MUNCH RATING: 5/5
Even though I thought I’d found the perfect brownie recipe with my Best Ever Chocolate Brownies recipe, I still like to try new recipes to see if there is one better.
Steve’s Mum picked me up a recipe card from Tesco’s for their Dark Chocolate Fudge Brownies with Chocolate Drizzle and it looked extremely good. I liked the fact it contained less sugar (I always add less than the recipes state anyway) and a bit more flour. Even though I like brownies to be squidgy, they can sometimes be too squidgy and almost runny.
CHANGES TO THE RECIPE:
As I stated, I used less sugar – 200g instead of 225g – and I used a mixture of half soft brown sugar and half caster sugar.
I didn’t have enough dark chocolate, so I substituted some with milk chocolate, which I think gives a good balance anyway. The milk chocolate was used for the chunks mixed in at the end and also for the chocolate drizzle. I didn’t need to add any water to the drizzle as it was runny enough.
I used a different sized tin than what the recipe stated.
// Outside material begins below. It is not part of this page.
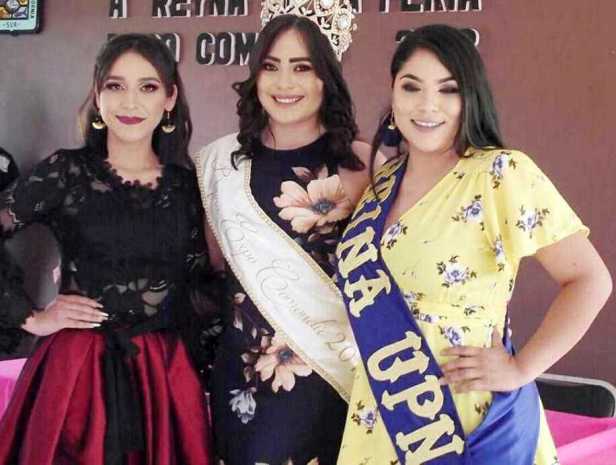 02.- Las dos aspirantes a ocupar la corona de la Expo Comondú 2018, con la actual soberana, Mariely I .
I used a 9-inch square metal disposable box which are the perfect size for baking brownies as they’re quite deep. I lined the tin first with a strip of non-stick baking paper to make the brownies easier to remove.
Everyone loved these brownies and Steve’s Mum said they were the best she’d ever tasted! So I think I’ll be using this recipe from now on!
I think I could reduce the sugar even more next time, especially as I used part milk chocolate which is quite sweet anyway.
I’ve written the recipe as I made it – you can find the original on the Tesco website.
- Oven temperature: Gas mark 4/350°F/180°C
- Oven shelf: middle
- You will need: square 9-inch tin, lined with non-stick baking paper
For the brownies
- 175g (6oz) plain chocolate, broken into pieces
- 140g (5oz) butter, cut into pieces
- 3 large eggs
- 100g (4oz) caster sugar
- 100g (4oz) soft brown sugar
- 100g (4oz) plain flour
- 1tsp baking powder
- 1tbsp cocoa powder
- 50g (2oz) milk chocolate, chopped into little chunks
For the chocolate drizzle icing
- 25g (1oz) milk chocolate, broken into pieces
- 2tbsp double cream
- ½ tsp golden caster sugar
- Preheat the oven to Gas mark 4/350°F/180°C. Line a 9-inc square tin with non-stick baking paper.
- For the brownies: Place the dark chocolate into a small heavy-based pan with the butter. Melt over a low heat, stirring occasionally. Remove from the heat and leave to cool.
- When the chocolate has cooled, whisk the eggs and sugar together in a large bowl using an electric hand mixer, until thick, pale, fluffy and almost doubled in volume. Pour in the cooled chocolate, then gently fold in. Sift over the flour, baking powder and cocoa and gently fold in. Carefully stir in the chopped milk chocolate, without over-mixing.
- Pour the mixture into the lined tin and lightly spread it into all the corners. Bake for 25-30 minutes, or until the middle is just set and the top is slightly crusty. (If still wobbly in the centre, leave a bit longer.) Remove and leave until completely cold before removing from the tin.
- For the icing: Put the chocolate into a small heavy-based pan with the cream and sugar. Melt over a low heat very briefly, just until the chocolate starts to melt, removing it before it boils. Drizzle over the brownies (I found using a whisk was the best way to get a random drizzle) then, when set, cut into 16 squares.
Leave the brownies in the tin until completely cold, as they'll crack if turned out too early.